Dejar la casa es entregarse a uno mismo. Mudar la patria al cuerpo. Aprender los rituales de la soledad. Emigrar es un precioso acto de renuncia. Emil Cioran escribía: “la capacidad de renunciar es el criterio -el único- de nuestros progresos en la vida espiritual”. Eso lo sabe muy bien el migrante. Renuncia no solo a lo evidente (los afectos, el hogar, la ciudad, los lugares reconocibles), sino a las dinámicas y marcos relacionales individuales con el país. El migrante, tal vez sin procesarlo de forma consciente, renuncia a una idea y a una concepción de país. De pronto, tras una fuerte turbulencia íntima, se da cuenta de que el país se ha movido de su lugar La geográfica se completa con otra: la distancia interior.

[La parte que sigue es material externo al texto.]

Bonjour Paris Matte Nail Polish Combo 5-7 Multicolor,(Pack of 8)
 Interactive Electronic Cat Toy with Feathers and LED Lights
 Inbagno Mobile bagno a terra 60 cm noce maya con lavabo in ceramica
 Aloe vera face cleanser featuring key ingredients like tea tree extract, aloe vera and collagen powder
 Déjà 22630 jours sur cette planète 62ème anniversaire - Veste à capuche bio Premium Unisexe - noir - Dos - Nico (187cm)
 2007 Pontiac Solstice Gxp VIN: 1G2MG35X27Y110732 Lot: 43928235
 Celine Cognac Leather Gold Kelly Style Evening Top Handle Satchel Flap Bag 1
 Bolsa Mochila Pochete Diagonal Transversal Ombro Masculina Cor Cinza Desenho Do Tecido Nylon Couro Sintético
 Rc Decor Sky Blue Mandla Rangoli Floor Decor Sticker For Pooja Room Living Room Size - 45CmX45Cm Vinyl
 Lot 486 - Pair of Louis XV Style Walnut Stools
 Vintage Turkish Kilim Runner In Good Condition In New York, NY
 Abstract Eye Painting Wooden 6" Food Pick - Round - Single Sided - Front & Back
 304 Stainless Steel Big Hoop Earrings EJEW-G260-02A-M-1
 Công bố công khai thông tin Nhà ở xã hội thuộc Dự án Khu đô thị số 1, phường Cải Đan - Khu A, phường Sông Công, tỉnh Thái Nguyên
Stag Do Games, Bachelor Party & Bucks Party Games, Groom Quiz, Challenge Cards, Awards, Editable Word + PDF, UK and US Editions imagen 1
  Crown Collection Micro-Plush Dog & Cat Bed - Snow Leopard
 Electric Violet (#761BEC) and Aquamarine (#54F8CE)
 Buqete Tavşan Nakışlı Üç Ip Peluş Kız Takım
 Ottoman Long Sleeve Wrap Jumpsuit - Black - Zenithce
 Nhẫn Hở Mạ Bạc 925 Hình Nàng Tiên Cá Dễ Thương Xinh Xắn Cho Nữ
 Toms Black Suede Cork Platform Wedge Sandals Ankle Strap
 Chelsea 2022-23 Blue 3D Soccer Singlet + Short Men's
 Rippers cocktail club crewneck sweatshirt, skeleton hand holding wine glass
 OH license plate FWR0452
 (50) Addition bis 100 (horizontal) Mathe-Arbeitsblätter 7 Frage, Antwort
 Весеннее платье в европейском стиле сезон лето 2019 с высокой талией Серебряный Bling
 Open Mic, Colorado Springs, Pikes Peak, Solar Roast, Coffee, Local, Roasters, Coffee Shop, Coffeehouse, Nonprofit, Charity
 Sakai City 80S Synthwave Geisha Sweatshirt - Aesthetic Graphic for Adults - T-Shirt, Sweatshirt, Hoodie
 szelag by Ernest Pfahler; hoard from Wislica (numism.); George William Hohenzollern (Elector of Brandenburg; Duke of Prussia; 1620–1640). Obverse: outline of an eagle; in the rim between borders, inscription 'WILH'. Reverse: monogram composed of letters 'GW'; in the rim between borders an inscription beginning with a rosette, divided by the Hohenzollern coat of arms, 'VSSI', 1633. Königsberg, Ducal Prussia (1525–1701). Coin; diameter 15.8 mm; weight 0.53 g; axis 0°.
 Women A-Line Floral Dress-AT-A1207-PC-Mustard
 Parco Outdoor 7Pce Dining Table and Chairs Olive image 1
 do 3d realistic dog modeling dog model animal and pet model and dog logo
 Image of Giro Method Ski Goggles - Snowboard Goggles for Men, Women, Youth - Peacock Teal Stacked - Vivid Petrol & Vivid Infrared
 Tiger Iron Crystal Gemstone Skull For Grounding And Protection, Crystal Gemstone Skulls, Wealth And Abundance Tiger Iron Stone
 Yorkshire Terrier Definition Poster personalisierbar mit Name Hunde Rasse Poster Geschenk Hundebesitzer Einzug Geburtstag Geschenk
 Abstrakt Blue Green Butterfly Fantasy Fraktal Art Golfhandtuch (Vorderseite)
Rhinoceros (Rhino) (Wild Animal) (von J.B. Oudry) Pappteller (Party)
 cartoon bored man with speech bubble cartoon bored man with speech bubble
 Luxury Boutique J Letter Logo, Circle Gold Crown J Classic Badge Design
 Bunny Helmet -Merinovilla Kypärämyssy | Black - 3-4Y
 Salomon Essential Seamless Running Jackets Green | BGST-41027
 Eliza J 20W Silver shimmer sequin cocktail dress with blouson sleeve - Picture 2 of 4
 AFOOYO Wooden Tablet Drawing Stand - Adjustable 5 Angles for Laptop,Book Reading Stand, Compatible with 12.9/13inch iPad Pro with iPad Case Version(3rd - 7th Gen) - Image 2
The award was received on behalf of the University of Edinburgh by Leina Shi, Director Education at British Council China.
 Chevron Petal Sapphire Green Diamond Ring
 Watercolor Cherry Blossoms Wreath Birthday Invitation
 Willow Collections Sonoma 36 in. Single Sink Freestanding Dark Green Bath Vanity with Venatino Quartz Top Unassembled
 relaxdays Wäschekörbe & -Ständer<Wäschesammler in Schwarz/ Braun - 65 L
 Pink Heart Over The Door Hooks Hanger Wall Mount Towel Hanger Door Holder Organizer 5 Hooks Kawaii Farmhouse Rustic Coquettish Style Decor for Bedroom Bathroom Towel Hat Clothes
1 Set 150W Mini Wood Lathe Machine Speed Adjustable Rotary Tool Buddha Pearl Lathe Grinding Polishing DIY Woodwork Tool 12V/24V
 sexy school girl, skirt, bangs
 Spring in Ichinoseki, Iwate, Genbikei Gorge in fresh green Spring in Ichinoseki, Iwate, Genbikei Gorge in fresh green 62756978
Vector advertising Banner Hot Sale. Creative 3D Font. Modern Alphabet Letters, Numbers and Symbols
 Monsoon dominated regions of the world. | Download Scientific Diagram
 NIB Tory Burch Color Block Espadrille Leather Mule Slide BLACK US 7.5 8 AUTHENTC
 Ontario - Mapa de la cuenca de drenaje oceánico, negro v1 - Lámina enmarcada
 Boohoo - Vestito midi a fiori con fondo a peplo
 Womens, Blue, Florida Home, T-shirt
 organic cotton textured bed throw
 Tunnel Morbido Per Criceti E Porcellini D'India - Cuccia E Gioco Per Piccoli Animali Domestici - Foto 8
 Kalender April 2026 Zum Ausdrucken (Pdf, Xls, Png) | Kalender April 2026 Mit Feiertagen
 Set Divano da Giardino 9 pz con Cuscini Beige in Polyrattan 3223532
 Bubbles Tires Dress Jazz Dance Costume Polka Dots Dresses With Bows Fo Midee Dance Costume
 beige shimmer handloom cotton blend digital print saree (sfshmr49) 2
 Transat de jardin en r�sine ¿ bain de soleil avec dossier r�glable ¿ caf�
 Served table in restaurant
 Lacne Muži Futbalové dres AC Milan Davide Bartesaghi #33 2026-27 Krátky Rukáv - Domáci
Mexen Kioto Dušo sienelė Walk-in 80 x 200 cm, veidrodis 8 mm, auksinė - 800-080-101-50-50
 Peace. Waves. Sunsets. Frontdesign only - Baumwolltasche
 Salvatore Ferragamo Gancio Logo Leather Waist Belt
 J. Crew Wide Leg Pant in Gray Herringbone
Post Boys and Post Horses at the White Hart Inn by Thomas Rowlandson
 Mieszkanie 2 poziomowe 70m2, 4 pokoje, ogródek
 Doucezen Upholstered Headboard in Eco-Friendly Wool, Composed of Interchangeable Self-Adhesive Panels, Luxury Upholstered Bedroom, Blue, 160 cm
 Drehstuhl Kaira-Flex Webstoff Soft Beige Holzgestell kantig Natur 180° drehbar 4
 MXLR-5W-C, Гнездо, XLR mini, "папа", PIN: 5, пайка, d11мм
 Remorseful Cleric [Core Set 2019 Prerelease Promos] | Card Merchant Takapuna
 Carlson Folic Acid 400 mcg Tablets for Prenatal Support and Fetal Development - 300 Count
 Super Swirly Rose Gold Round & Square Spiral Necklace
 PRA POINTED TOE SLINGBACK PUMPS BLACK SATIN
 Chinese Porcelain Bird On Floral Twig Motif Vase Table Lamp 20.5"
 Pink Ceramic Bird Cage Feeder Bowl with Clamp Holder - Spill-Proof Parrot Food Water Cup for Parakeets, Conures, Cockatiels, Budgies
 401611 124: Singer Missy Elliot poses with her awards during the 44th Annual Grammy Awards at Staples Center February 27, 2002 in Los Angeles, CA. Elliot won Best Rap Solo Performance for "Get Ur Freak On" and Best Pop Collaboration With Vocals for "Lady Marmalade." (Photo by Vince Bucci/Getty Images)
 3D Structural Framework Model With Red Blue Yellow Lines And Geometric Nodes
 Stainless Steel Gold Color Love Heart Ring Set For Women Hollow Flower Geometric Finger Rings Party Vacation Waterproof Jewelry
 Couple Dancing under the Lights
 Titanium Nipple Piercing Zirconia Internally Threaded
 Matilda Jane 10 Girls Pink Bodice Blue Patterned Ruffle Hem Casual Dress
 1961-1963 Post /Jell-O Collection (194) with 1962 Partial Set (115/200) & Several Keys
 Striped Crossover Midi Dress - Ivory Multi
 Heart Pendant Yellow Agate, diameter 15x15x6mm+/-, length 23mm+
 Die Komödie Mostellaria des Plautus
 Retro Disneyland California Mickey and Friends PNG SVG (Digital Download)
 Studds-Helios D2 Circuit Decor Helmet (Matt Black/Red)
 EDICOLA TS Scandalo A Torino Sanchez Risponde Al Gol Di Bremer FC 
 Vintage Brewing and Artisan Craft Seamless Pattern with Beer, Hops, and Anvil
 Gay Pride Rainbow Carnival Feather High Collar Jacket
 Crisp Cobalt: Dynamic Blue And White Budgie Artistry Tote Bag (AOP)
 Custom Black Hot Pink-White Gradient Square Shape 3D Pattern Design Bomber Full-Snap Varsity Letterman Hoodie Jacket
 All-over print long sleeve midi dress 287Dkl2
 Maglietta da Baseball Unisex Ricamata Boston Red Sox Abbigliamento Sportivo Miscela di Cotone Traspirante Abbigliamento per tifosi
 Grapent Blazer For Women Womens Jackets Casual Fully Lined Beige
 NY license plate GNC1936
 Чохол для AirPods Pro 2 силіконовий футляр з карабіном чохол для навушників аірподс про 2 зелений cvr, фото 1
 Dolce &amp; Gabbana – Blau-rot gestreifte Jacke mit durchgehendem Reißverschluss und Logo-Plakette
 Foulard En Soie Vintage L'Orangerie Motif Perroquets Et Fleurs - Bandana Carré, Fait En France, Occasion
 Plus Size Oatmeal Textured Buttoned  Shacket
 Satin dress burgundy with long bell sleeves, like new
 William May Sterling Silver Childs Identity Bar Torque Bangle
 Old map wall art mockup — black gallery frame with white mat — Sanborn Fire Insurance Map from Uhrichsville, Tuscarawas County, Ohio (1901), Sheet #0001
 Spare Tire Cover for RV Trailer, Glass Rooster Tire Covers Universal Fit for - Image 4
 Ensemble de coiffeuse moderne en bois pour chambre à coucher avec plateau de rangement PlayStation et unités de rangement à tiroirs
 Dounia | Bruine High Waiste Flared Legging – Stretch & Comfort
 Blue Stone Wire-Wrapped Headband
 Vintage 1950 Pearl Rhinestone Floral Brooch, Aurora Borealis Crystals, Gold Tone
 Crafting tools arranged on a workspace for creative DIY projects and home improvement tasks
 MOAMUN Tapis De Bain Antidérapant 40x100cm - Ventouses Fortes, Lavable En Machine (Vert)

Para el emigrado, su país cambia de forma: se agranda, agobia, se desvanece, se vuelve tierra prometida e infierno inhabitable, hasta que se detiene y se muestra tal cual es: una casa simbólica, el asiento de una familia difícil, un equipaje invisible que va rodando detrás. A este proceso no podría asignársele un tiempo o una duración, en virtud de las diferencias entre las subjetividades y las particularidades de cada historia de emigración. En muchos, quizá, este movimiento se aplaque sin haber sido más que emocionalmente percibido. En otros, quizá, se mantenga sujetado por una implacable racionalización. En otros tantos, el país permanecerá estable un largo tiempo, hasta que ceda definitivamente a la tensión.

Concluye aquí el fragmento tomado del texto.